■ The problem ■
Set down again exactly the lines of the listing below that fall between the line holding "UNSIGHTED 103.4% Speedruns" and the line holding "New Anook Ruby", inclusive.

[Opening Listed records section]

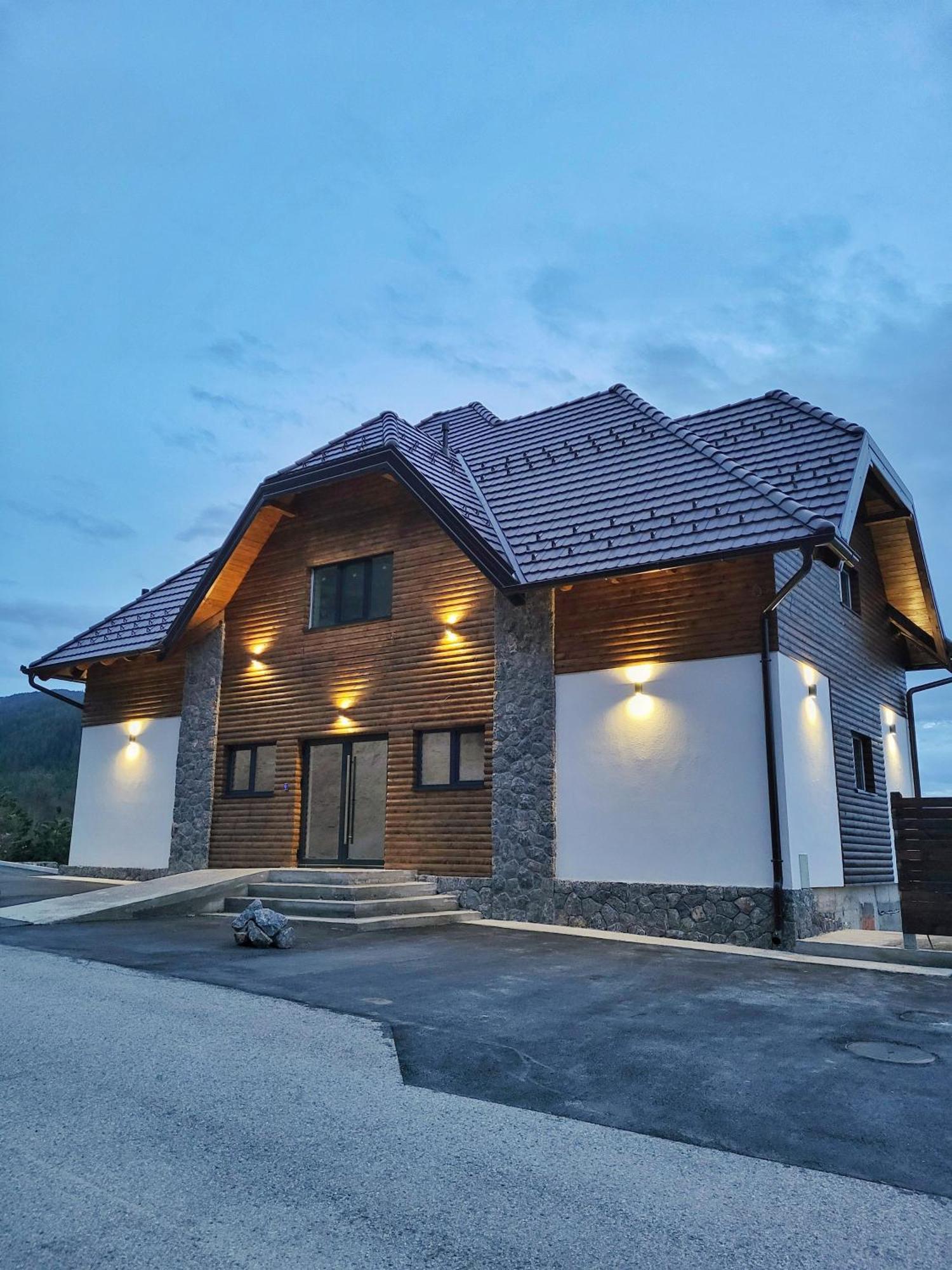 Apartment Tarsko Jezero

[Closing Listed records section]
[Opening Listed records section]

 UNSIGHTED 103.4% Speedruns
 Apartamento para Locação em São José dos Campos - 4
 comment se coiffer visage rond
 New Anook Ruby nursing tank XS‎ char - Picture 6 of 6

[Closing Listed records section]
[Opening Listed records section]

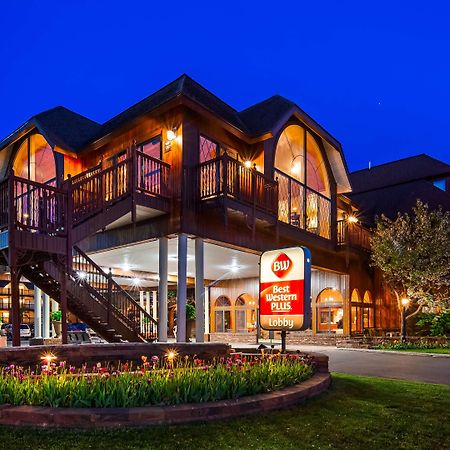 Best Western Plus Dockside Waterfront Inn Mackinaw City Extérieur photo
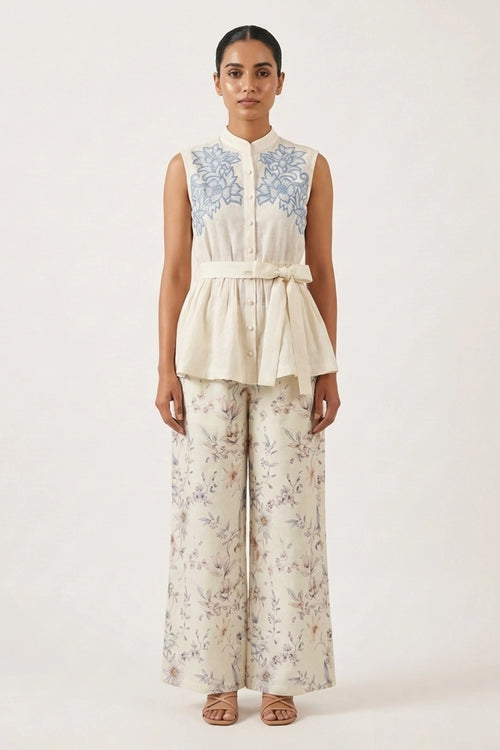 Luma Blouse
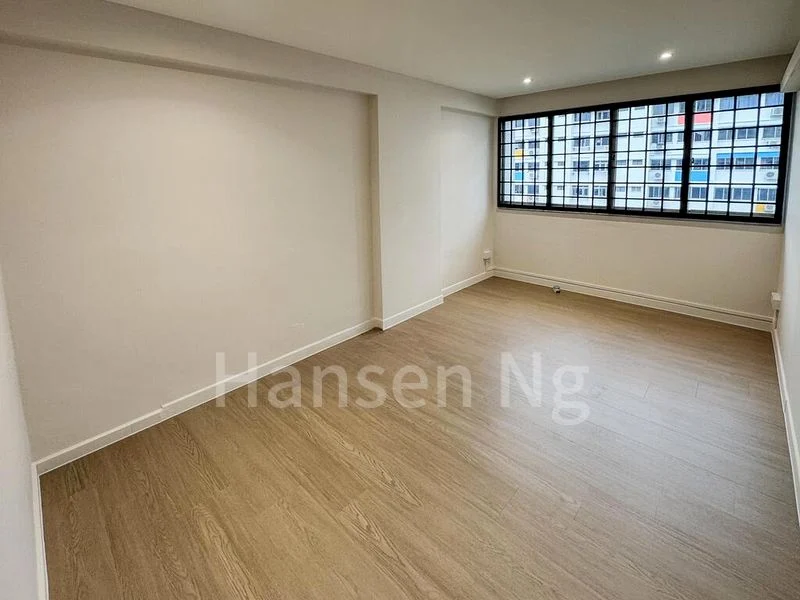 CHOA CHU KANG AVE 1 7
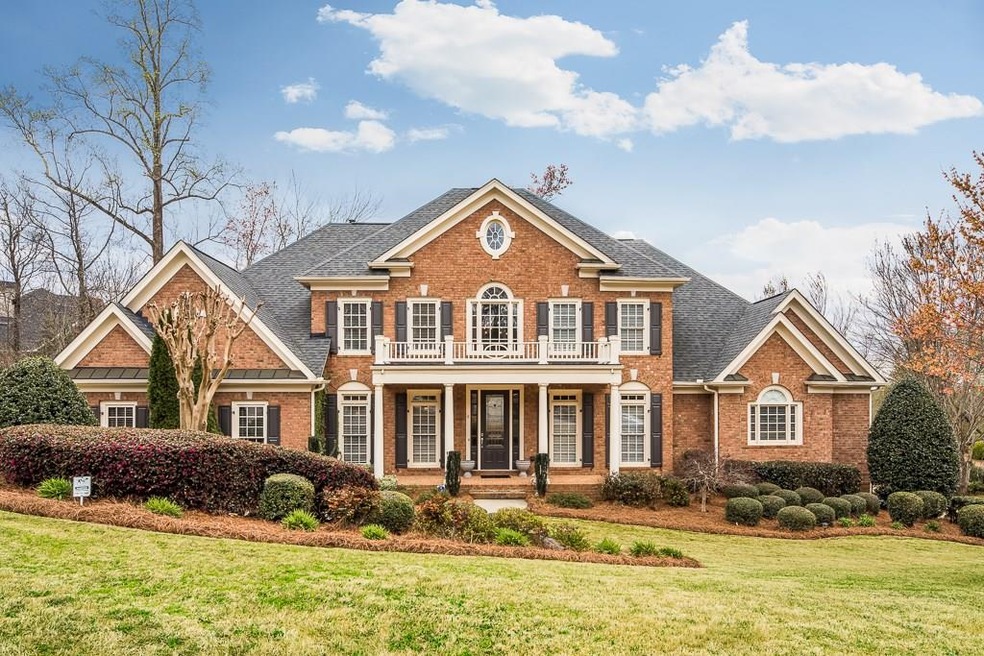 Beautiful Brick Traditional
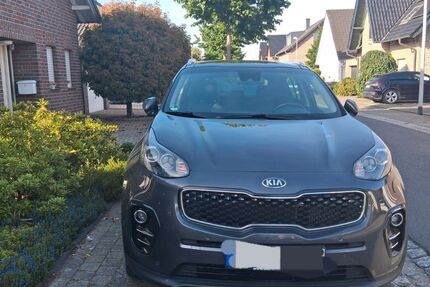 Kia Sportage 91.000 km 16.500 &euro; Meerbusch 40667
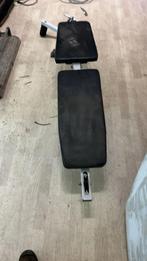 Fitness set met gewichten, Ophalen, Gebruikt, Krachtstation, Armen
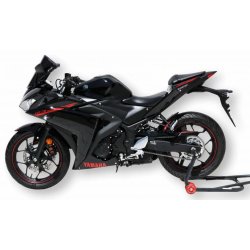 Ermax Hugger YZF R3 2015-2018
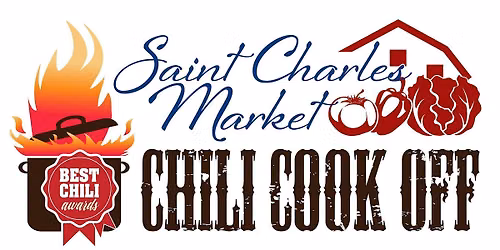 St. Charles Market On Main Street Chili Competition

[Closing Listed records section]

■ Task solution ■
 UNSIGHTED 103.4% Speedruns
 Apartamento para Locação em São José dos Campos - 4
 comment se coiffer visage rond
 New Anook Ruby nursing tank XS‎ char - Picture 6 of 6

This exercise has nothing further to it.